Gazaille v. State

2 Md. App. 462 (1967) 235 A.2d 306

MAURICE ERNEST GAZAILLE
v.
STATE OF MARYLAND.

No. 339, Initial Term, 1967.

Court of Special Appeals of Maryland.

Decided November 21, 1967.

*463 The cause was argued before MURPHY, C.J., and ANDERSON, MORTON, ORTH, and THOMPSON, JJ.
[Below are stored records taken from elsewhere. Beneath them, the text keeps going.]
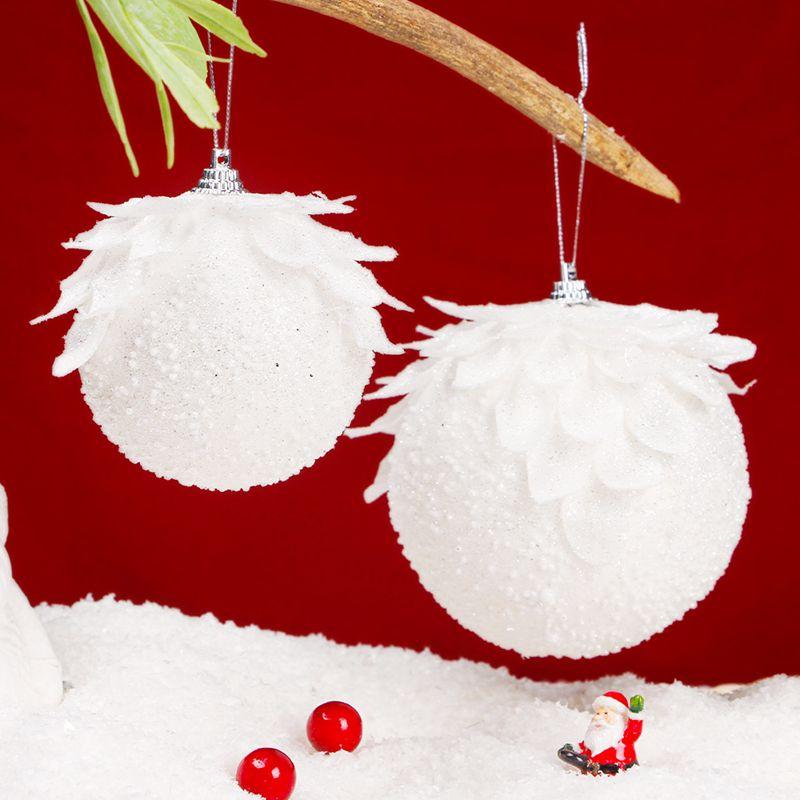 3 st/set 8 cm vit julkula julgran hängande hängsmycke Blomma Skum Snow Ball Xmas dekoration för hemmet LXY
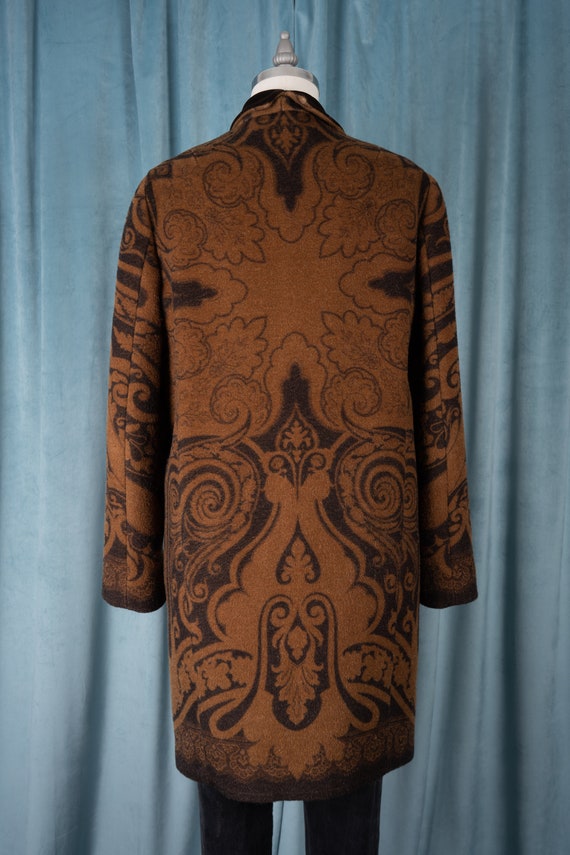 90s ETRO Golden Brown Paisley Chesterfield-Style … - image 6
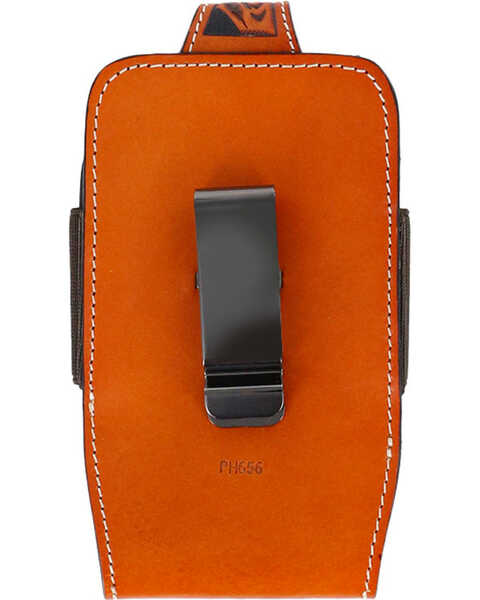 Image #3 - M & F Western Men's Embossed Leather Cell Phone Holder Clip-On Case, Natural, hi-res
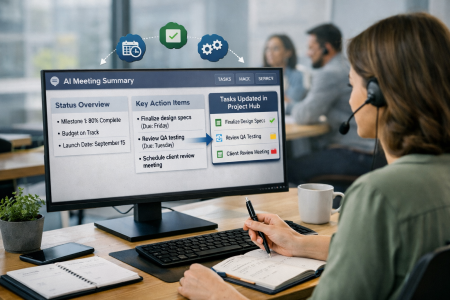 Project manager reviewing AI-generated meeting summary with automated task updates synced to project management platform, showing milestones, action items, and integrated project hub.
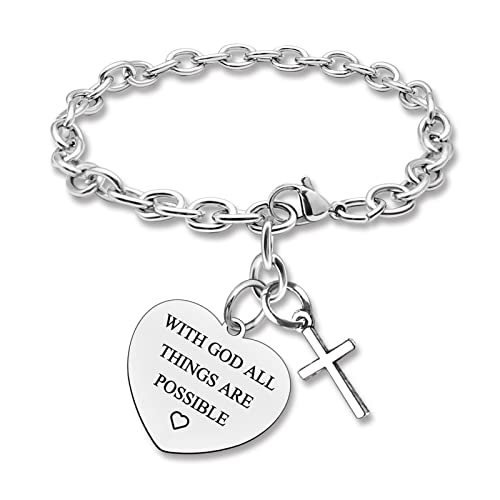 Image of Christian Gifts for Women Faith Bracelet Jewelry Scripture Bible Verse Inspirational Bracelet Gifts Religious Gifts Idea Prayers Gifts for Women Men Jewelry Gifts Faith Bracelet Stainless Steel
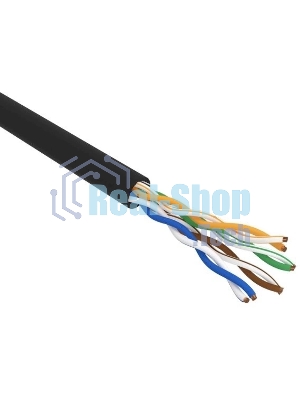 Кабель витая пара Rexant U/UTP, cat.5e, PE, 4PR, 24AWG, OUTDOOR, SOLID, черный, 305м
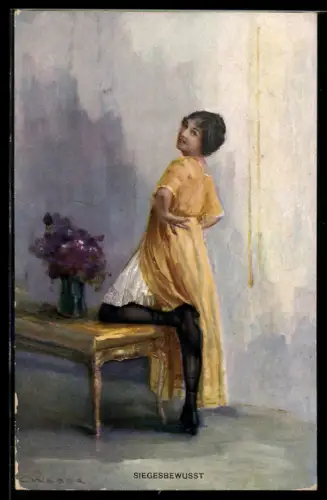 Künstler-AK sign. C. Weber: Siegesbewusstes Fräulein im Kleid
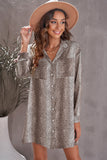 Leopard Print Button Loose Shirt Dress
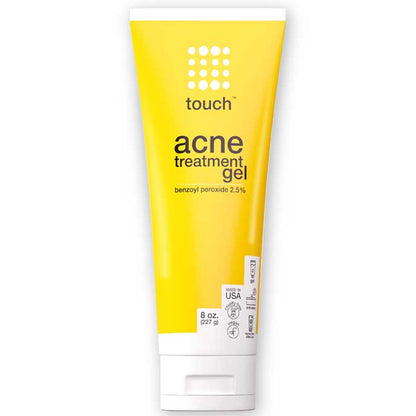 Bright yellow tube of Touch Acne Treatment Gel with 2.5% benzoyl peroxide, 8 oz (227g), made in the USA, designed for acne treatment.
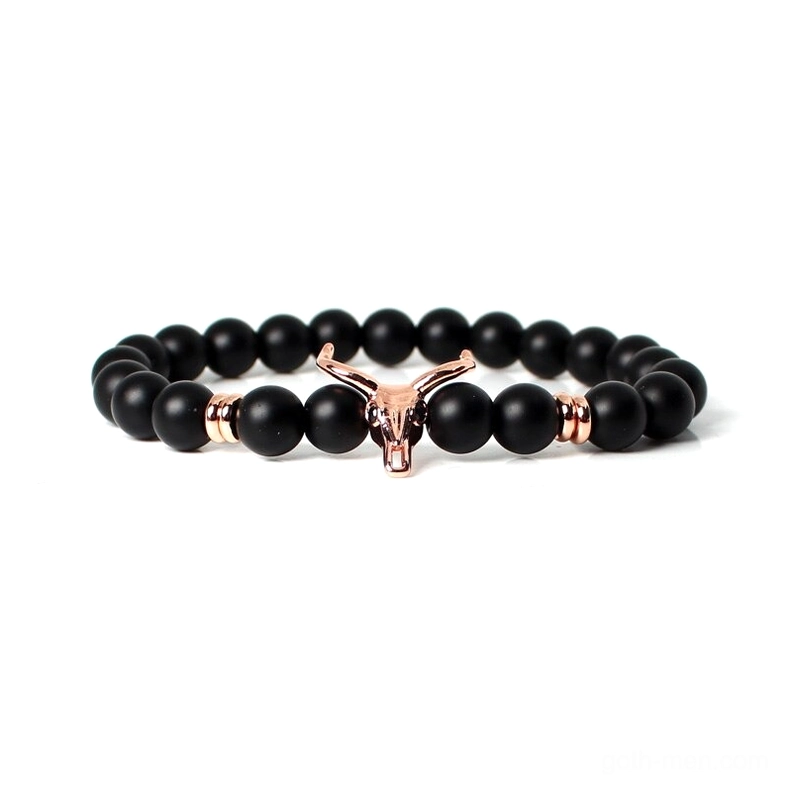 Rose gold bull skull stone bead bracelet for men, gothic jewelry with rose gold metal accent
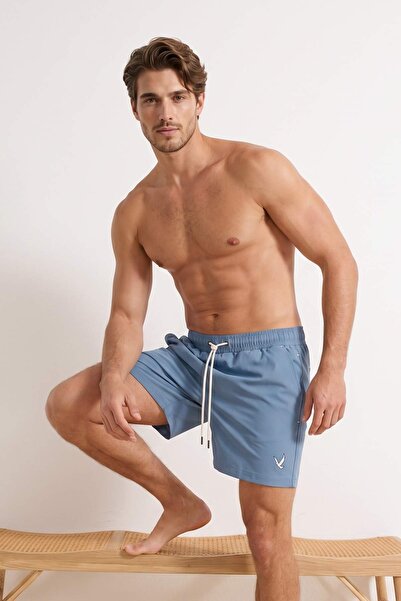 Trendyol Kollektion Indigo Schnür-Badeshorts für Herren in normaler Länge und...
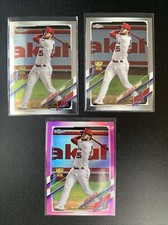 Jared Walsh 2021 Topps Chrome 2 Base + Pink Refractor Gold Rookie Cup Cards #199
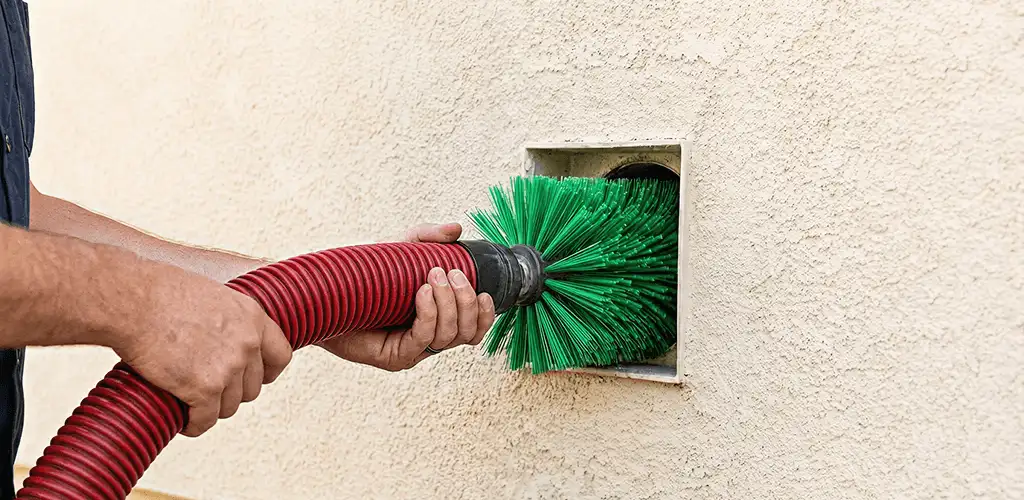 Air duct cleaning brush removing debris from a vent opening in Salt Lake City, UT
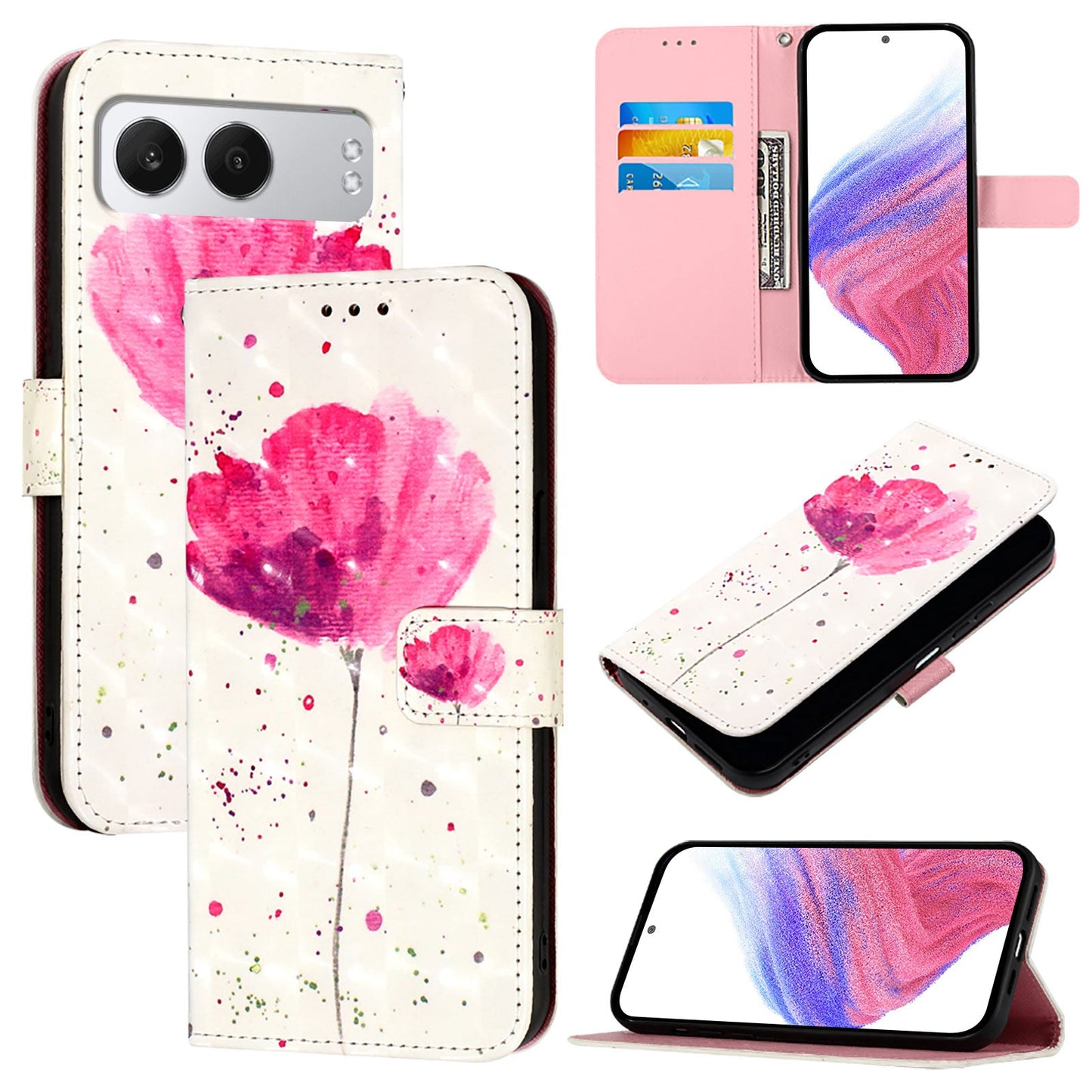 For OnePlus Nord 4 Leather Case YB Pattern Printing Leather Series-2 Pattern Printing Wallet Stand Cover - Flower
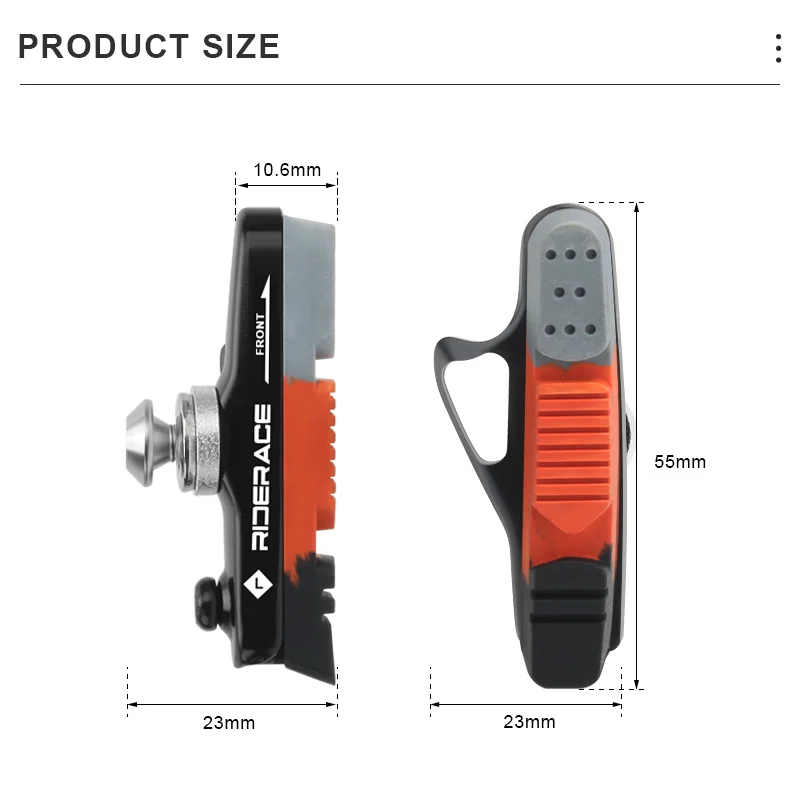 1 Paar Rennrad-Bremsbeläge C-Bremsenbeläge CNC-Aluminiumlegierung Langlebige Geräuscharme Gummi-Fahrradbremsen Fahrradzubehör – Detail 2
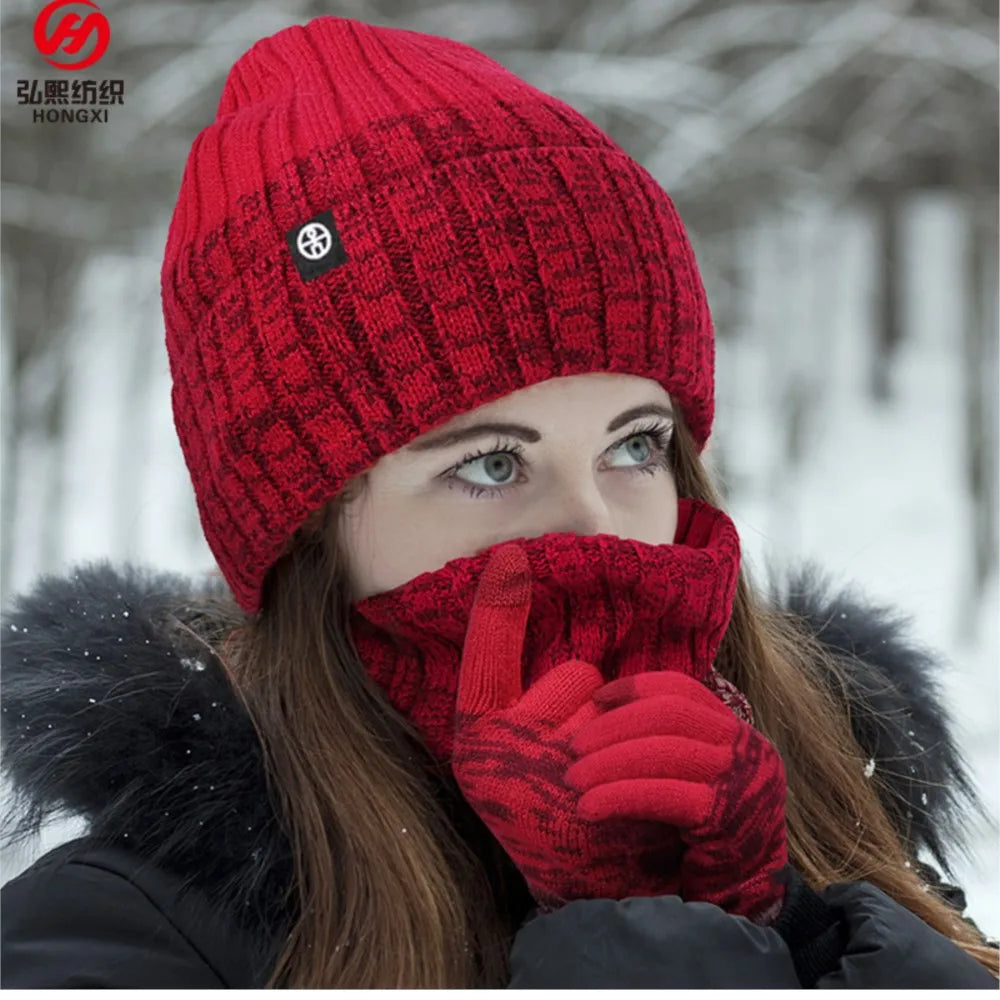 Knitted Cap Scarf three-piece Hat Autumn Winter Outdoor Ride Windproof Cold Warm three-piece Gradient Clash Of Colours Set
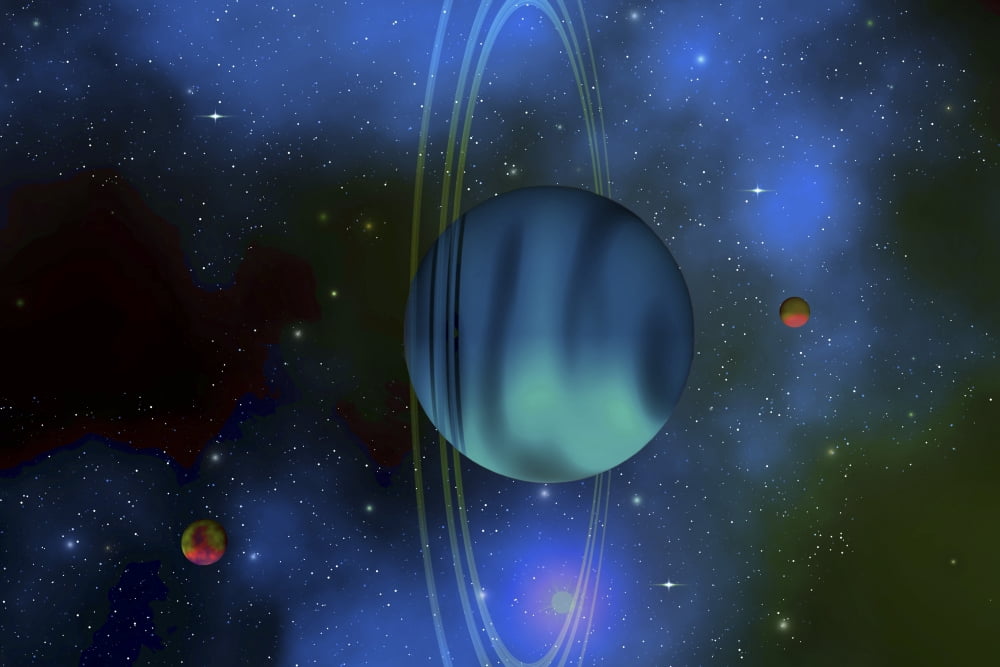 Vertical rings surround the planet of Uranus Canvas Art - Corey FordStocktrek Images (18 x 12)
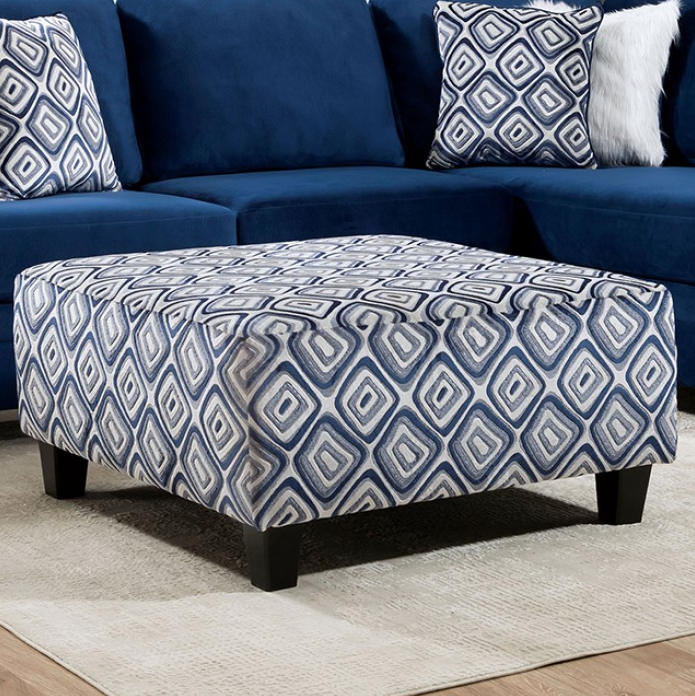 Furniture of America Waldport Transitional Microfiber Sectional - Navy Blue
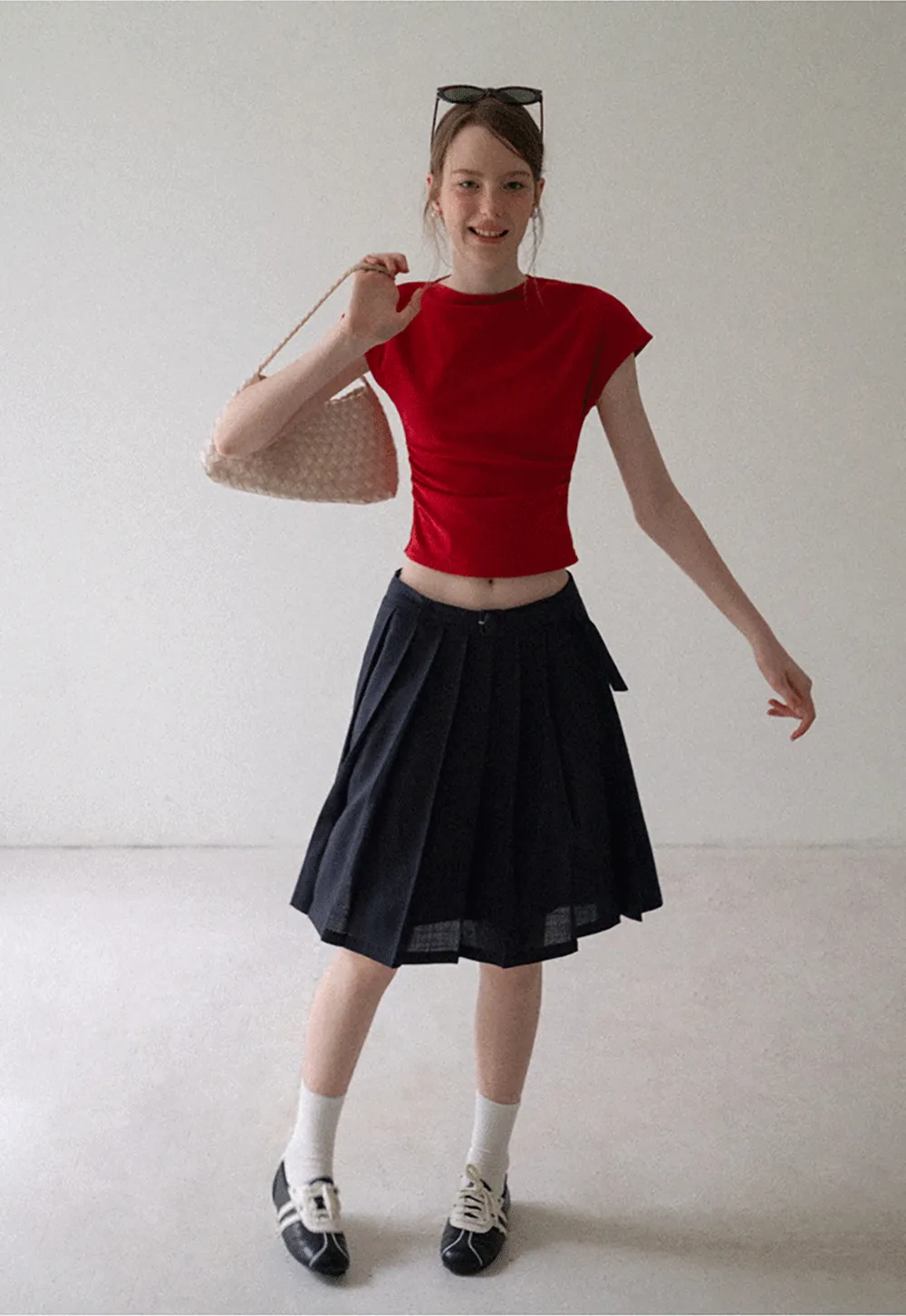 Cropped Cap Sleeve Tshirt with Ruched Detail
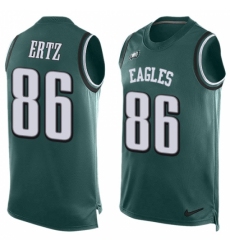 Men's Nike Philadelphia Eagles #86 Zach Ertz Limited Midnight Green Player Name & Number Tank Top NFL Jersey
Roger W. Titus for appellant.

Frank A. DeCosta, Jr., Assistant Attorney General, with whom were Francis B. Burch, Attorney General, William A. Linthicum, Jr., State's Attorney for Montgomery County, and James F. Tomes, Assistant State's Attorney for Montgomery County, on the brief, for appellee.

PER CURIAM:

Maurice Ernest Gazaille, the appellant, was convicted by a jury of daytime housebreaking and grand larceny in the Circuit Court for Montgomery County before Judge James H. Pugh. Such facts as are necessary for the opinion are stated hereinafter.

I

Gazaille complains that certain articles, constituting "fruits" of an illegal arrest, were introduced into evidence. Since there was no objection to the introduction of the articles at the trial, the question is not properly before this court, Maryland Rule 1085, Porter v. State, 230 Md. 535, 187 A.2d 870. In Mapp v. Ohio, 367 U.S. 643, 659, 81 S.Ct. 1684, 1693 (1961) at footnote 9, the Supreme Court stated that:

"As is always the case, however, state procedural requirements governing assertion and pursuance of direct and collateral constitutional challenges to criminal prosecutions must be respected."

II

Gazaille complains that Maryland law does not define the crimes of grand larceny and daytime housebreaking but merely provides a punishment for the crimes; that since the crimes did *464 not exist at common law and are not defined under present statutes, daytime housebreaking and grand larceny do not exist under Maryland law.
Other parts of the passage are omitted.